Files are all stored on a hard disk drive (HDD) or solid state drive (SSD) (see wikipedia), which allow data to be written to physical locations on the disk. But ‘we’ (people) don’t access a file by its physical location. The hard disk doesn’t know what a file or directory (folder) is. So how do we access our files on the hard disk?
So now we’re ready to understand what a filesystem is. It’s the glue between the user, who is used to seeing files and directories, and the hard disk, which only understands addresses and bytes. There is no single filesystem that is used - different Operating Systems (OSes) use different filesystems by default. Every filesystem has some method for viewing the available files, creating a file, and deleting a file. Most filesystem organize the files on the disk, with an index(list) of the files on the drive, which includes the name of the file, where that file is physically stored, and other useful information.
It is also possible to partition (split up) a disk into multiple pieces. One common method is the Master Boot Record (MBR), which is used by Windows and Linux. The MBR contains a table of partitions, which includes the filesystem used and the physical address of where the partition starts.

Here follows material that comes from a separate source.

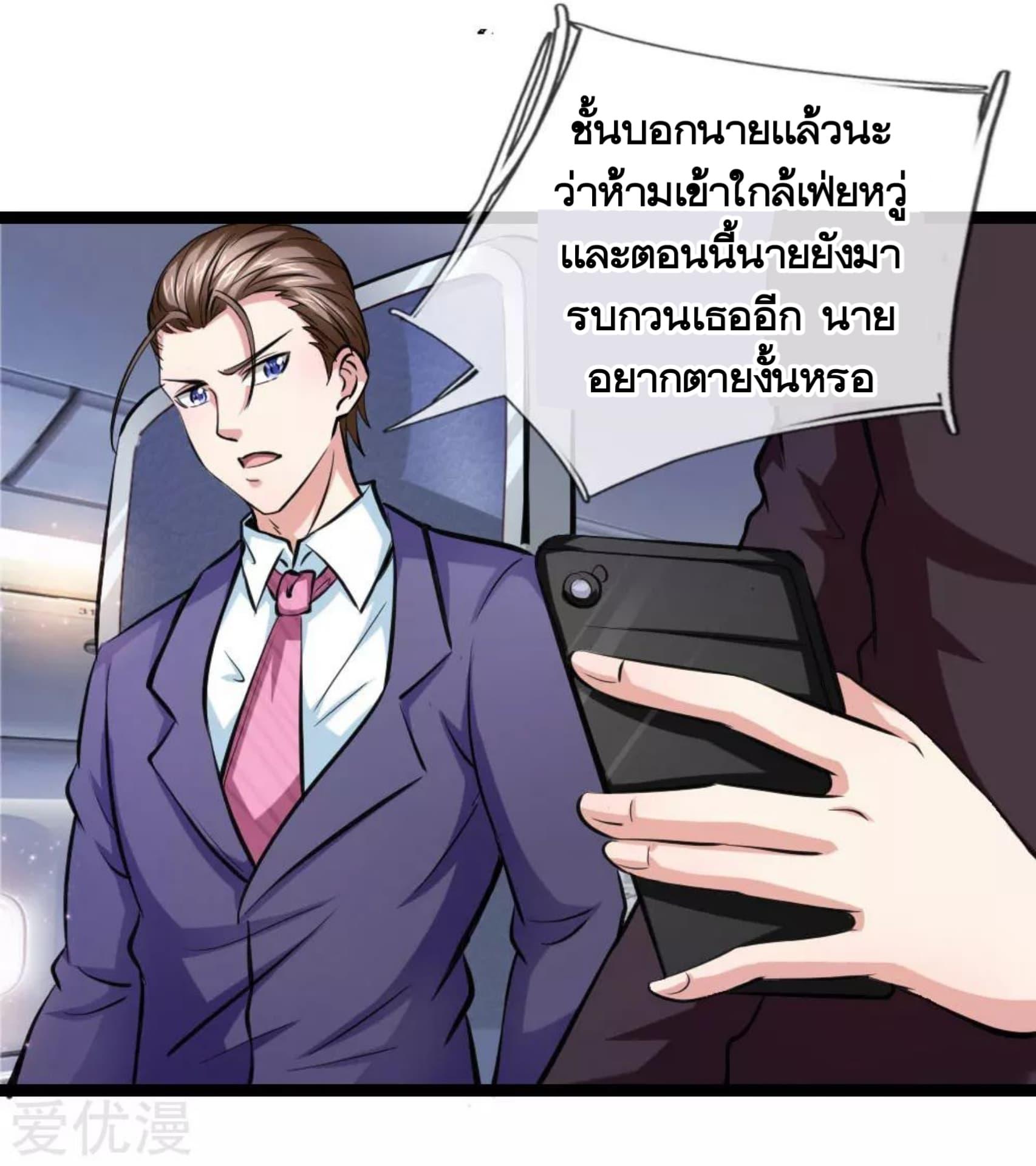 Manga-lc-com อ่านมังงะ อ่านการ์ตูน ออนไลน์ ฟรี The Master of Knife ตอนที่ 1 2 3 4 5 6 7 8 9 10 11 12 13 14 ฟรี ไม่มีโฆษณา Manga-lc - อ่าน มังงะ อ่าน การ์ตูน ออนไลน์ อ่านมังงะ ฟรี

NTFS is a proprietary filesystem first developed by Microsoft in 1993. It uses a Master File Table (MFT) which contains the index of files. Each entry in the MFT is 1KB (in practice, in theory it could be different). The file is stored within fixed-size segments called clusters, and if the file is too large to fit in a single cluster, is stored in multiple clusters.
When a file is deleted, its entry in the index as ‘deleted’, which indicates that it can be reused. ( http://support.microsoft.com/kb/174619/EN-US/ ). However, for performance reasons, the data is not removed from the hard drive.
Simple file recovery programs for NTFS read through the MFT, and list the files that are marked as deleted, and attempt to copy those back to a location.
NTFS also contains a transaction log of actions, and is activated in Windows Vista and 7 - it is disabled in Windows XP. This can be used to examine previous actions that were done to the filesystem. <see http://www.forensicfocus.com/index.php?name=Forums&file=viewtopic&t=5014 > <Interesting reference: http://whereismydata.wordpress.com/category/0-forensics/ >
FAT, or File Allocation Table is a group of filesystems that use a simple list of the files on the disk. This is done by dividing the disk into ‘sectors’, and putting an entry for each sector at the beginning of the filesystem.
A file is marked ready for deletion by replacing the first byte of the filename with 0xe5 (http://www.easeus.com/data-recovery-ebook/file-deletion-in-FAT32.htm) . The file itself is deleted by setting the cluster address to 0, which indicates that it’s empty. (http://www.win.tue.nl/~aeb/linux/fs/fat/fat-1.html)
ext3 and ext4 are both filesystems commonly used by Linux OS’s. They may use a journal to store changes before they are actually stored on the disk (to prevent data corruption), depending on the configuration. index-nodes (inodes) are used to store information about each file on the disk.
When a file is deleted, the location of the data is zero’d out, similar to FAT filesystems.
ext3grep and extundelete can recover files on ext3/4 systems by searching the file system's journal for old copies of the inode. (http://extundelete.sourceforge.net/)
(ext3grep: http://carlo17.home.xs4all.nl/howto/undelete_ext3.html (http://code.google.com/p/ext3grep/ )
As you know by now, filesystems do not usually zero-out the data when they delete it. Instead, they simply remove the knowledge of where it is. File-carving is the process of reconstructing files from scanning the raw bytes of the disk and reassembling them. This is usually done by examining the header (first few bytes) and footer (the last few bytes) of a file.